Reputation: 23
I have a DataFrame
from Pandas:
df = pd.DataFrame({'Job': ['Math', 'Math', 'Math', 'Math', 'Physics', 'Physics', 'Physics',
'English', 'English', 'English'],
'First_Name': ['William', 'James', 'Harper', 'William', 'Mason', 'Evelyn', 'Jacob',
'Eve', 'Ana', 'Theo'],
'Building': ['A1', 'A2', 'A3', 'A1', 'A2', 'A3', 'A1', 'A3', 'A1', 'A2'],
'Years_employed': [1, 2, 4, 6, 1, 4, 2, 3, 3, 2]},
columns=['Job', 'First_Name', 'Building', 'Years_employed'])
print(df)
What i have tried :
dfs = df.sort_values(['Building', 'Years_employed'])
dfs['answer'] = dfs['Job'].shift(-1)
dfs.loc[:, "answer"] = dfs.Job == dfs.answer
(It's not working because idk how to specify that the row(N) and the row(N-1) should have the same building)
How can I find out if, by building, the new employee has the same job as the person employed just before her in the same building?
Upvotes: 2
Views: 85
Reputation: 10624
You can use np.where with shift:
dfs = df.sort_values(['Building', 'Years_employed'])
dfs['result'] = np.where(((dfs.Job == dfs.Job.shift(1)) & (dfs.Building==dfs.Building.shift(1))), True, False)

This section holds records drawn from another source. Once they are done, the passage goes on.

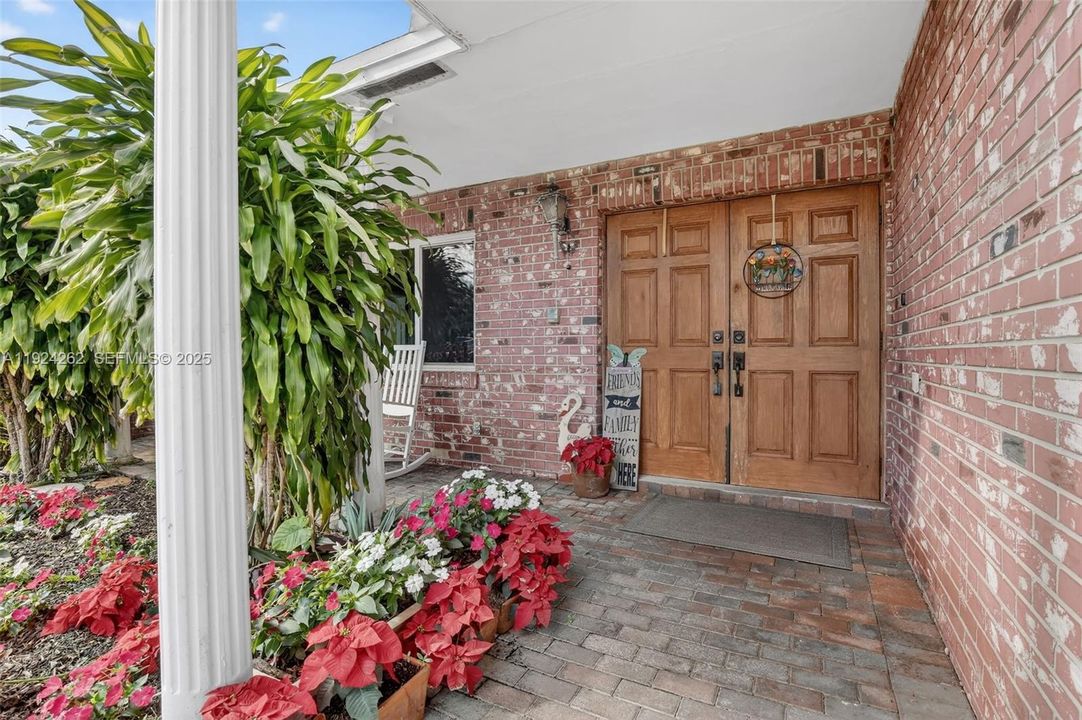 For Sale: $859,000 (4 beds, 2 baths, 2226 Square Feet)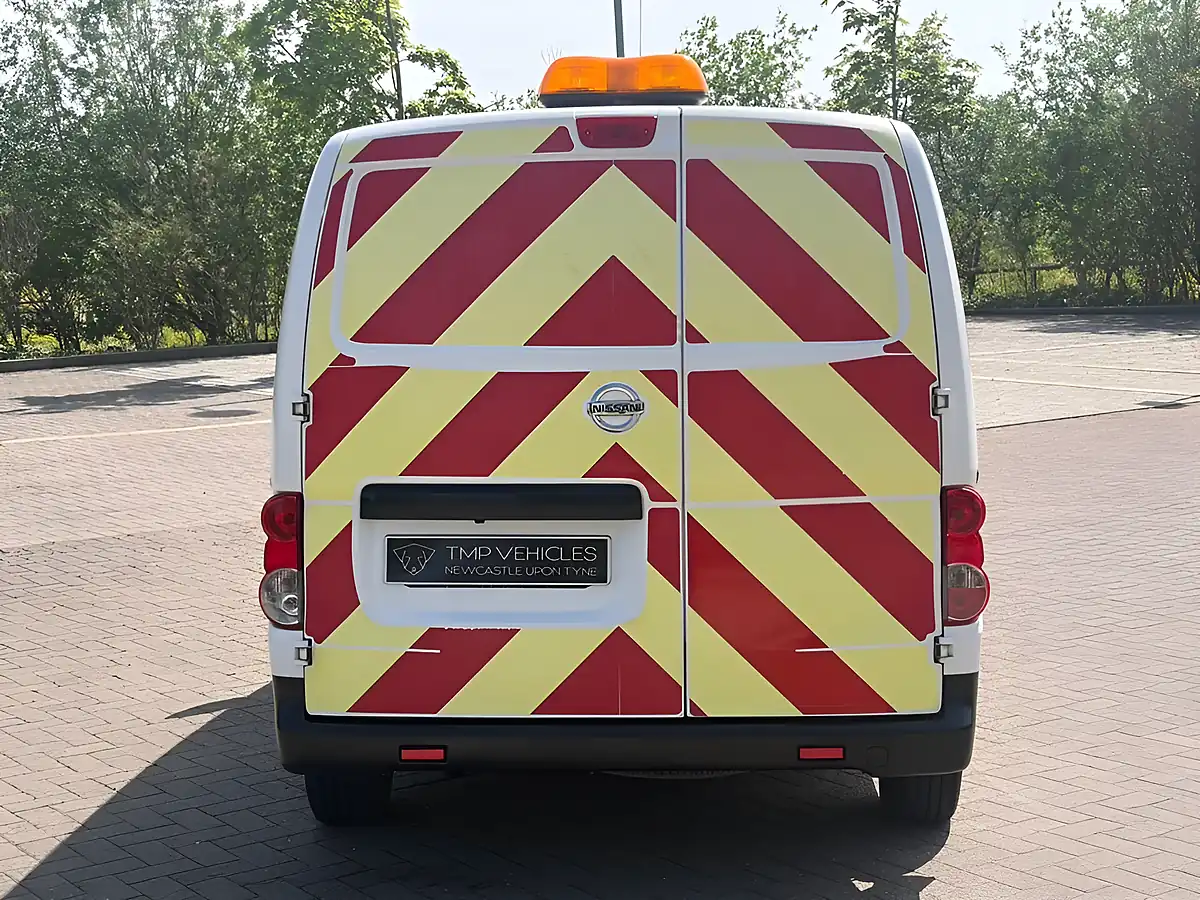 Used 2017 Nissan NV200 Acenta White - Interior and Exterior details 9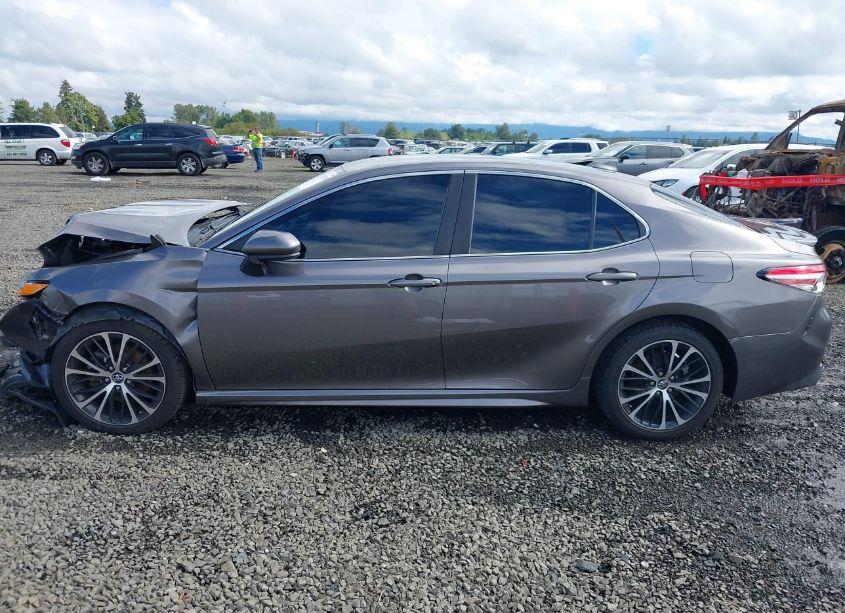 Photo 14 of 2019 Toyota Camry SE (VIN 4T1B11HK8KU206028)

Example (I used another dataframe as your current one produced no True value):
df = pd.DataFrame({'Job': ['Math', 'Math', 'Math', 'Math', 'Physics', 'Physics', 'Physics',
'English', 'English', 'English'],
'First_Name': ['William', 'James', 'Harper', 'William', 'Mason', 'Evelyn', 'Jacob',
'Eve', 'Ana', 'Theo'],
'Building': ['A1', 'A1', 'A1', 'A1', 'A2', 'A3', 'A1', 'A3', 'A1', 'A2'],
'Years_employed': [1, 2, 4, 6, 1, 4, 2, 3, 3, 2]},
columns=['Job', 'First_Name', 'Building', 'Years_employed'])
Output:
Job First_Name Building Years_employed result
0 Math William A1 1 False
1 Math James A1 2 True
6 Physics Jacob A1 2 False
8 English Ana A1 3 False
2 Math Harper A1 4 False
3 Math William A1 6 True
4 Physics Mason A2 1 False
9 English Theo A2 2 False
7 English Eve A3 3 False
5 Physics Evelyn A3 4 False
Upvotes: 2